Groundhog Day is the most romantic holiday ever

February 2 is Groundhog Day. For most people, this is a day where you watch a middle-aged guy in tails and tophat grab some poor, confused fat rodent from his den and expose him to the glare of cameras for the sole purpose of predicting how much winter is left.  This is of course, pointless, as winter in Pennsylvania is most assuredly going to last another six weeks.

I always root for the groundhog to bite his handler.

On the heels of Groundog Day is Valentine’s Day. Valentine’s is a made-up holiday which exists for the sole purpose of selling cards, chocolates and flowers in the dead of winter when there is otherwise no compelling reason for anyone to buy roses, chocolate or greeting cards. Troy and I do not do Valentine’s Day. Instead, we celebrate Groundhog Day. What could possibly be more evocative of enduring love than a holiday which elevates a rodent to national prominence?

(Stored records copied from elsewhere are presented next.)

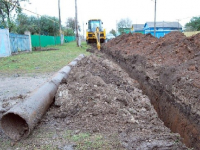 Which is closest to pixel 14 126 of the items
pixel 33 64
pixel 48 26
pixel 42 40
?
pixel 33 64

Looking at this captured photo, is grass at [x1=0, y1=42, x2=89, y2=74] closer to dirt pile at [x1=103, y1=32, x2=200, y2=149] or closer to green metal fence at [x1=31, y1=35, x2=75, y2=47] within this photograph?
dirt pile at [x1=103, y1=32, x2=200, y2=149]

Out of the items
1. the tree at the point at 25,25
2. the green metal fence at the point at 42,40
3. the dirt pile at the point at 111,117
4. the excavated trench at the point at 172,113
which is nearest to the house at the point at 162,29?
the green metal fence at the point at 42,40

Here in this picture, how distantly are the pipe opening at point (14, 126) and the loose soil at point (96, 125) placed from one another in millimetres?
100

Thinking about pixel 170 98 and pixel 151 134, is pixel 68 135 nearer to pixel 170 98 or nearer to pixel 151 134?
pixel 151 134

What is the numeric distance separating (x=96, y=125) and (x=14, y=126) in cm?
125

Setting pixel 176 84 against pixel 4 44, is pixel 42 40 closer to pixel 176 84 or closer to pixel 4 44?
pixel 4 44

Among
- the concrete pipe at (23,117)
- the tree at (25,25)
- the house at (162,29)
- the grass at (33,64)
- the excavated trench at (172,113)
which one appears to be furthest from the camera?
the house at (162,29)

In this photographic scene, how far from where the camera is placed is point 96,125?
3.07 metres

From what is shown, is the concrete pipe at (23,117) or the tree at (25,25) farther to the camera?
the tree at (25,25)

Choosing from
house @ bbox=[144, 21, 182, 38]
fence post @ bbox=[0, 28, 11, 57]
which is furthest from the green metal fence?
house @ bbox=[144, 21, 182, 38]

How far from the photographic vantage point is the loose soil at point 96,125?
8.77ft

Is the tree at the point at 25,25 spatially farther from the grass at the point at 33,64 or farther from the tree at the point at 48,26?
the grass at the point at 33,64

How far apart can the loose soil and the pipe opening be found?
4.0 inches

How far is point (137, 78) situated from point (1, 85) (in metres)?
4.65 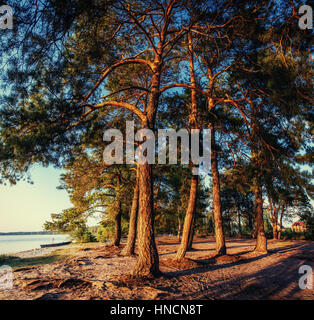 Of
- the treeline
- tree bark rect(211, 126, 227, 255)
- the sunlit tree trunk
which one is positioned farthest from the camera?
tree bark rect(211, 126, 227, 255)

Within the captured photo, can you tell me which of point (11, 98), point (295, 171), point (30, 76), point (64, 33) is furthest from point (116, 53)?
point (295, 171)

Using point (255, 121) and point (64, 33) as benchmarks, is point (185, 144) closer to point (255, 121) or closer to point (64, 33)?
point (255, 121)

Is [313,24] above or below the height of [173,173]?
above

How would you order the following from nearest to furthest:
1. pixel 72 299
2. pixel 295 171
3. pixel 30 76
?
1. pixel 72 299
2. pixel 30 76
3. pixel 295 171

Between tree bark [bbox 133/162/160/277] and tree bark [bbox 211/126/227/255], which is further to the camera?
tree bark [bbox 211/126/227/255]

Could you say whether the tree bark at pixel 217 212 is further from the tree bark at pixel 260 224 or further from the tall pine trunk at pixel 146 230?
the tall pine trunk at pixel 146 230

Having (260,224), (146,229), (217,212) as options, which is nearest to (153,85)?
(146,229)

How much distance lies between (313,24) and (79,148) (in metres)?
7.84

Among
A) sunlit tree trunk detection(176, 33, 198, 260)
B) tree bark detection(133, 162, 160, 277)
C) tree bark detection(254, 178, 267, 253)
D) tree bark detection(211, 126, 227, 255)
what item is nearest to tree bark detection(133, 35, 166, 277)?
tree bark detection(133, 162, 160, 277)

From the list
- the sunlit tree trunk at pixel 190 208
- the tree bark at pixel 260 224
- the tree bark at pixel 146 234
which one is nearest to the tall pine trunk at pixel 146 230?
the tree bark at pixel 146 234

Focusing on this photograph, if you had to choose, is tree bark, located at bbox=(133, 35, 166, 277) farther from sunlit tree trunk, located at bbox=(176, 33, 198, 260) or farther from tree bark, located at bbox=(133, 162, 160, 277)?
sunlit tree trunk, located at bbox=(176, 33, 198, 260)

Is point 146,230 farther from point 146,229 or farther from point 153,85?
point 153,85

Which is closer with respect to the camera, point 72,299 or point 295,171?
point 72,299

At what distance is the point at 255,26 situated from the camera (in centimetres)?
650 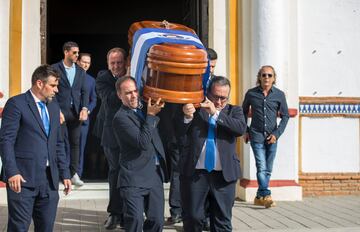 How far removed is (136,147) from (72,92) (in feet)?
11.0

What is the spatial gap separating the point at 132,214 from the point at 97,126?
213 cm

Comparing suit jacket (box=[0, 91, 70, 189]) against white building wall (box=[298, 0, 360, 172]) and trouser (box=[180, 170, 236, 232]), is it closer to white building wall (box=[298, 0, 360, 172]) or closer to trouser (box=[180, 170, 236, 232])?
trouser (box=[180, 170, 236, 232])

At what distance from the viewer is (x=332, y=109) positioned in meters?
9.71

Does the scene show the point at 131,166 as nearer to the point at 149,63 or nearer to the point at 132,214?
the point at 132,214

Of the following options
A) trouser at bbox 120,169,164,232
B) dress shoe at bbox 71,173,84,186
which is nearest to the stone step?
dress shoe at bbox 71,173,84,186

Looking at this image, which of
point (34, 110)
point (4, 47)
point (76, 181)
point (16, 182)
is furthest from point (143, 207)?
point (4, 47)

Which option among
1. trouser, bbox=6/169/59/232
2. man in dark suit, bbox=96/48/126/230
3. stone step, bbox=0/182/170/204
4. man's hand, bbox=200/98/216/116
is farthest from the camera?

The Harrison household is not rife with sentimentality or overwrought declarations of undying love. That’s not our style.  We don’t hold hands or write poems or anything of the sort.  When Troy was heading off to surgery and they had drugged him to the gills, the nurse asked him if he wanted to kiss me before he was wheeled off and he looked at her all horrified and said, “No, we’re married.”  Ah, the romance.

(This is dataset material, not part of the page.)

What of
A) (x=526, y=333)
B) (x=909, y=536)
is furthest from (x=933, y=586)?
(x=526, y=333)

I may not get jewels, flowers or chocolates on Groundhog Day (or any other day for that matter), but I have something much better. For those who think Troy has no romance in his soul, they are mistaken.  The flower triptych is the most romantic set of drawings ever done, and they were drawn for me. He had me at Rotten Day.



He’s deranged, but he’s perfect for me. Happy Groundhog Day to everyone.